▸ EXERCISE INSTRUCTIONS
The copy should hold exactly the lines below from the one that contains "Sinh Sinh Tương Thác: Chapter 8" through the one that contains "Need help with" and nothing else, so no pictures.

▸ INPUT DATA
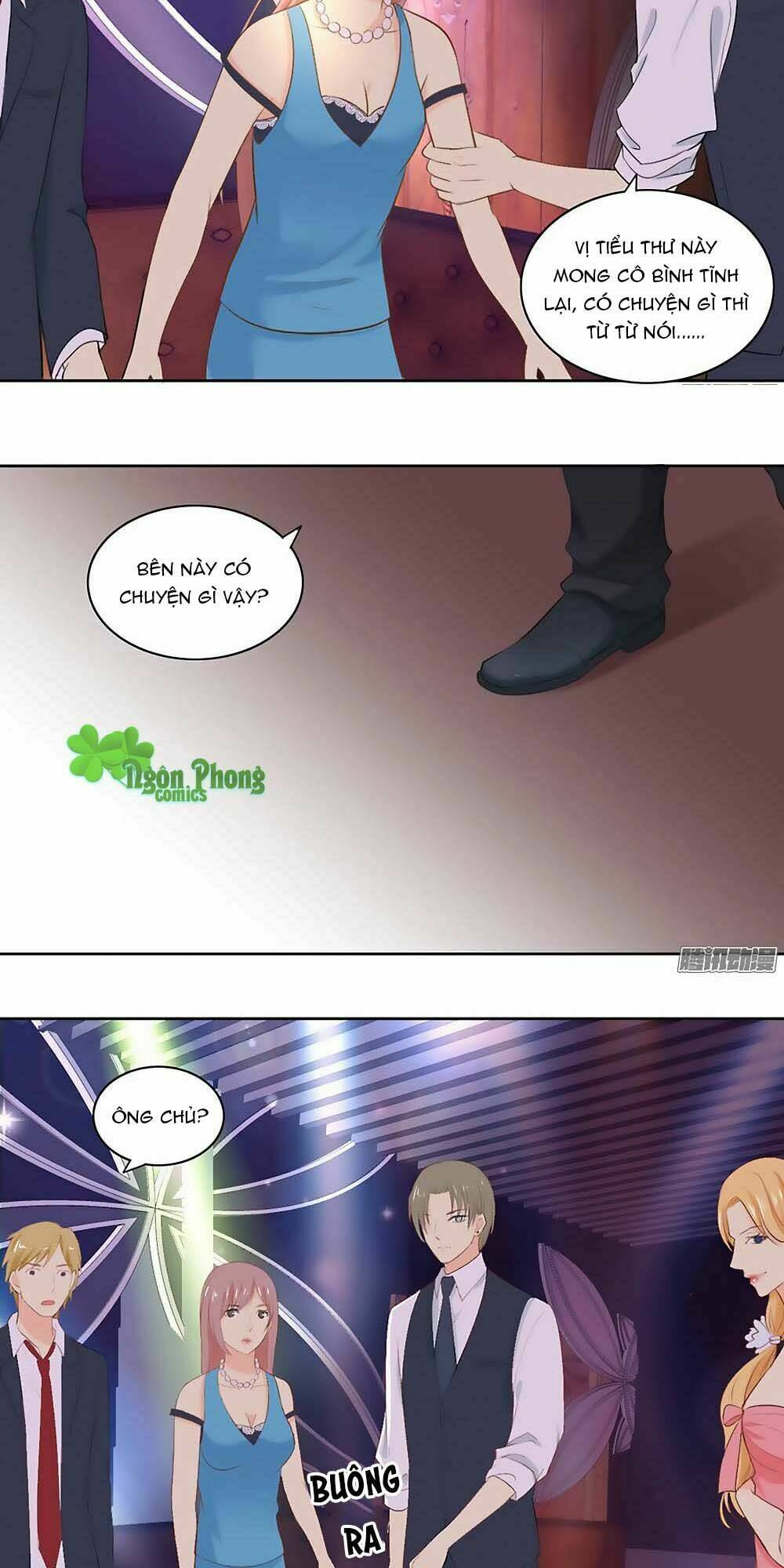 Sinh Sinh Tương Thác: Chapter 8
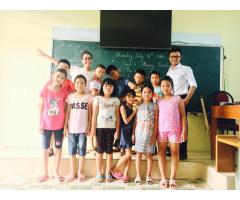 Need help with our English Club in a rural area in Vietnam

...

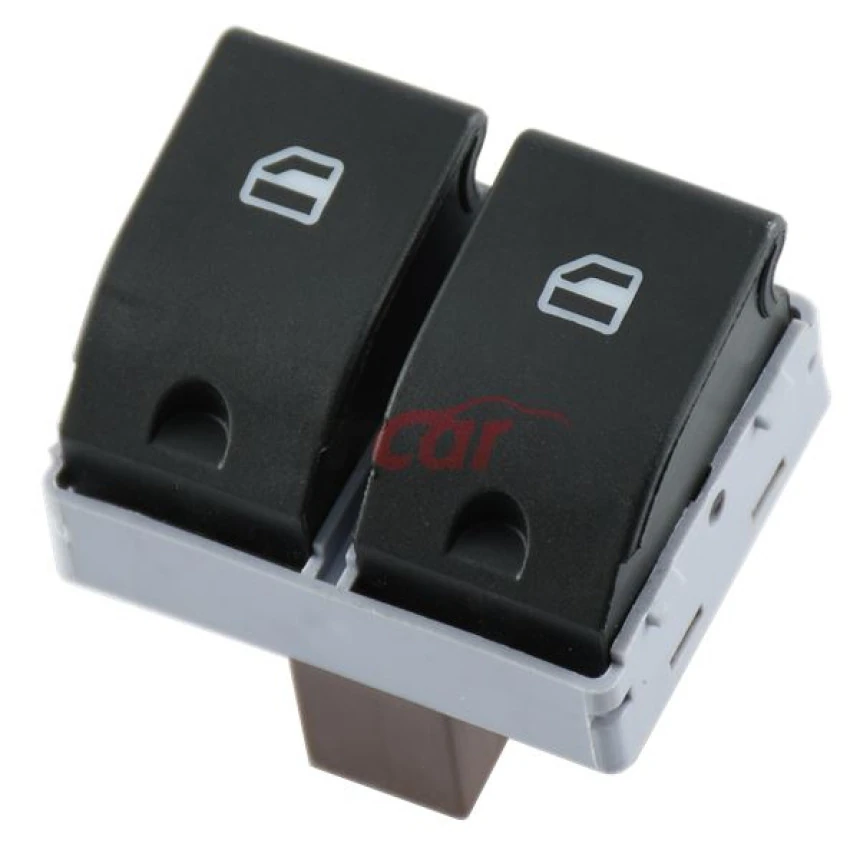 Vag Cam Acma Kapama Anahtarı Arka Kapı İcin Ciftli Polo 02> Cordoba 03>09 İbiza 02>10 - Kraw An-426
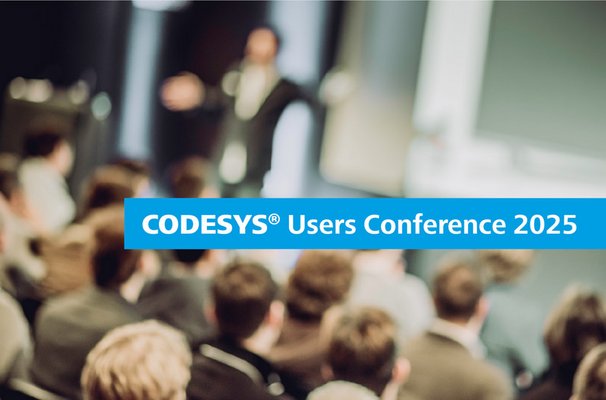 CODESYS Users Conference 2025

▸ REPLY TO THE TASK
 Sinh Sinh Tương Thác: Chapter 8
 Need help with our English Club in a rural area in Vietnam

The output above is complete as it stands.